Accessories tend to be chrome, shiny and very practical. As modernism eschews all elements of fuss and ornamentation, clean lines are favoured over frills and curves, so no cushions.
Modern’s main philosophy can be summarised in three words: “form follows function”. This means that beauty is secondary to the purpose of the furniture item.
Where modern is a misnomer, relating to a certain period in the early to mid 20th century, contemporary is relative to the time we are in. That means it’s forever evolving depending on the tastes, trends and innovations of our current designers. So while minimalist décor may feel very contemporary today, tomorrow, we could be hailing something more vintage and cosy as our contemporary look and feel. Contemporary interiors can be both ornamental and practical and certainly a lot less austere. A varied colour palette is also permissible.
Today’s contemporary styles draw inspiration from art deco design with geometric patterns and lines including curves. Space is also a feature to foreground more colourful features and textures.
Like modernism, contemporary favours neutrals, but with a more dramatic departure. Black and white are staples and bright accents make their mark borrowing from art deco vibrancy.
Fabrics are more of a feature in current contemporary design compared to modernism, with texture being dominant. Fabrics such as wool, jute and linen make an appearance to soften up the space.

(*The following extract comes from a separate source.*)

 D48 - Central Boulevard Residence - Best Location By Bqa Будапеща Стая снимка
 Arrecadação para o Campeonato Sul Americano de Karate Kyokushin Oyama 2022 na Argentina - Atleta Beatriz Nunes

Tiled and hard floors interspersed with rugs is the perfect balance for underfoot.
While furniture has to be bold, accessories tend to be minimal fuss, for example, furniture legs tend to be visible, not obscured by skirts on beds. Unlike modernism, contemporary makes way for non-natural light in various forms such as track lighting, cove lighting and even spotlights on artworks. This creates pools of light to step away from the harshness we tend to associate with full overhead lighting. Other accessories could be painted frames in a bold colour, plinths with ornamental sculptures and metal accents.
Beauty and practicality have equal weight. Contemporary takes influences from other styles to create a less strict home décor that looks more individual while still being on trend.
Scandinavian has reached new heights of popularity in recent years with books on Danish philosophy adorning the shelves of every Smiths in every train station you go past. Whether it’s hygge, lagom or sisu or just their six-hour working day, we can all agree our northern neighbours are onto something good. We’ve loved Scandi design for so long, but what is it really? And how is it different from other minimalist trends? It’s simplicity and functionality, influenced by Bauhaus.
Scandinavian design really gained traction in the mid-20th century when it caught Elizabeth Gordon’s attention, who was the incumbent editor of House Beautiful. Scandinavian home décor endeavours to be sustainable, which led to its resurgence in popularity in the 90s.
Furniture tends to follow lines, straight or slightly rounded and more often than not, thin exposed furniture legs are prominent. Lamps are hugely popular, with Scandinavian designers such as Poul Henningsen and Louis Poulsen having opened the way in lighting design. Upholstered, blonde or bleached wood has proven essential.
Scandinavian isn’t one for outlandish colour palettes, boasting mainly neutrals and natural colour. A light backdrop serves to create natural pools of light helped along by the Scandinavian love of lamps. Pops of red, blues, greens or beiges stand out as accents.
Floral and stencilled patterns may emerge on walls, particularly around doors, to create impact.
Besides the penchant for light-coloured woods with fabric cushioning, other materials such as stone are favourable such as wool, mohair, sheepskin, burlap and jute.
Light is its epicentre, with lamps to create spots of light in various points within the space. Candles still find a place in the home for night-time cosiness. Mirrors come into play to reflect back even more light and flowers and florals including wreaths play on the natural theme.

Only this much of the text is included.